Editorial “Nostaldura”: o preço amargo do sucesso democrático

Um dia as pessoas irão rejeitar esse regime. O motivo disso não vai ser o fracasso dele, mas o sucesso. Acomodadas, mal acostumadas, as pessoas irão baixar a guarda. Elas irão esquecer como pode ser difícil conquistar e manter esse regime. Elas irão ignorar como o regime aperfeiçoou suas vidas. Elas maldirão o regime por sua "moleza" e "lentidão". Elas rogarão por um regime "firme", "rígido", "confiável". Apocalíptica, a profecia foi escrita para o capitalismo. Mas serve à democracia. E talvez esteja se realizando no Brasil.

Neste ano eleitoral, a redemocratização do Brasil completa trinta e três ano. É uma demonstração  de resiliência e de longevidade. Apesar disso, a ocasião está longe de ser festiva. Em plena véspera de eleições, a democracia do país enfrenta suas críticas mais acirradas. A maior parte delas parece baseada em uma comparação com a ditadura. Após anos de negação, a "linha dura" é escancarada no debate, surgindo como referência contra o atual regime político.

A opinião popular indica essa tendência alarmante. Pesquisa realizada pelo Instituto da Democracia e da Democratização da Comunicação informa que a maior parte dos entrevistados está insatisfeita com a democracia. Além disso, ela apoiaria um golpe militar. Há também evidências mais informais desses fatos. Com propostas "linha dura", candidatos à presidência parecem ser beneficiados por esse tipo de opinião.

Esses indícios sugerem que o regime militar persiste em nosso imaginário. A ditadura é um provável critério de avaliação: "se a democracia quiser provar seu valor, ela tem de ser melhor do que os militares!". É claro, nem toda crítica atual segue essa tendência. É o caso da vertente liberal democrata, que ganha adeptos, presidenciáveis e partidos. Essa vertente no entanto é periférica. A ditadura parece prevalecer.

Se há de fato essa "nostaldura" – nostalgia da ditadura –, pode ser fácil inferir seu raciocínio. Parte dela sem dúvida aposta que militares são infalíveis. Afinal, eles foram responsáveis pelo Milagre Brasileiro, época de crescimento singular. Outra parte com certeza aposta que militares são incorruptíveis. A prosperidade do Milagre seria "prova" de que o país não teria sido "roubado". Sejam quais forem essas apostas, elas certamente são simplórias e arriscadas. Todas ignoram os vícios da "linha dura".

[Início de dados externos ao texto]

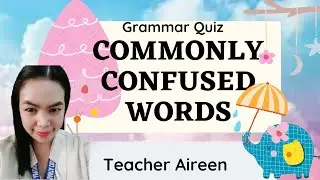 COMMONLY CONFUSED WORDS | GRAMMAR QUIZ #grammarquiz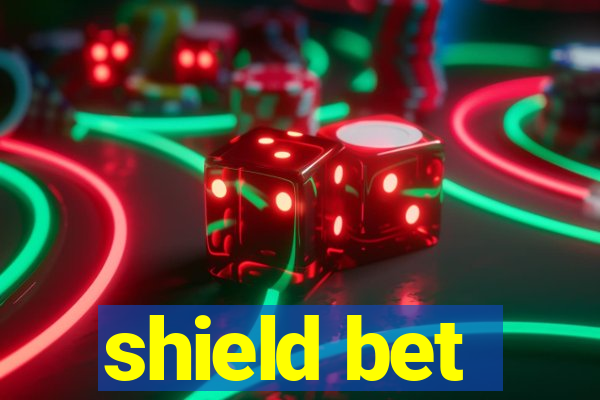 shield bet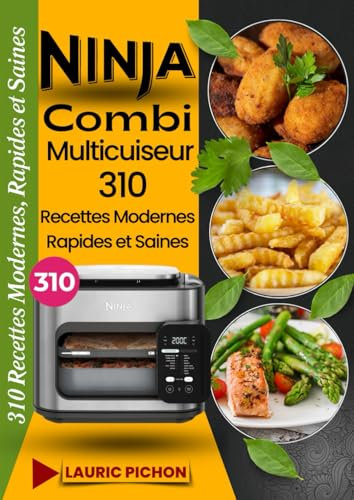 Ninja Combi Multicuiseur: 310 Recettes Modernes, Rapides et Saines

Para fazer sentido, a "nostaldura" precisa mascarar as decepções impostas pelo governo militar. Sim, elas existiram. Os militares foram corruptos. Exemplo disso foram os "governadores biônicos", eleitos de maneira fraudulenta. Além disso, foram incompetentes. É o que indicam os resultados pífios de seu programa nuclear. Finalmente, foram inconfiáveis. Agiram sem transparência e violaram o limite de intervir somente para proteger a democracia.

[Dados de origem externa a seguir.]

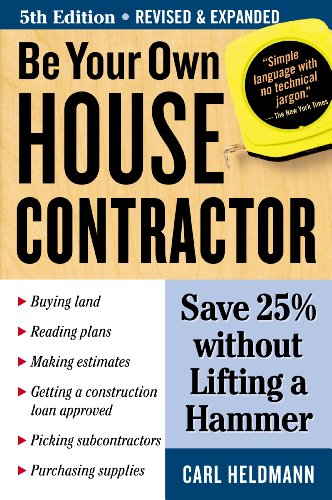 Be Your Own House Contractor : Save 25% without Lifting a Hammer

A "nostaldura" também ignora como a democracia saneou esses problemas legados pelos militares. Mecanismos de eleição ficaram mais sólidos. Os gastos públicos se tornaram mais transparentes. A liberdade de expressão ampliou a vigilância civil. O indivíduo recuperou suas salvaguardas contra abusos do estado. Dois impeachments ocorreram sem maiores abalos. Ainda estamos longe de ser uma democracia perfeita. Mas podemos nos aperfeiçoar – e isso é democrático o bastante.

Nada disso talvez seja suficiente para destronar a "nostaldura". Ela desfruta de um momento oportuno. Anos de hegemonia progressista expuseram dolorosamente nossas maiores falhas democráticas. Corrupção e incompetência ensejaram a mais profunda decepção: "para que democracia, se o único resultado foi esse atraso?". Isso certamente redimiu a ditadura, que passou a ser lembrada pelos acertos.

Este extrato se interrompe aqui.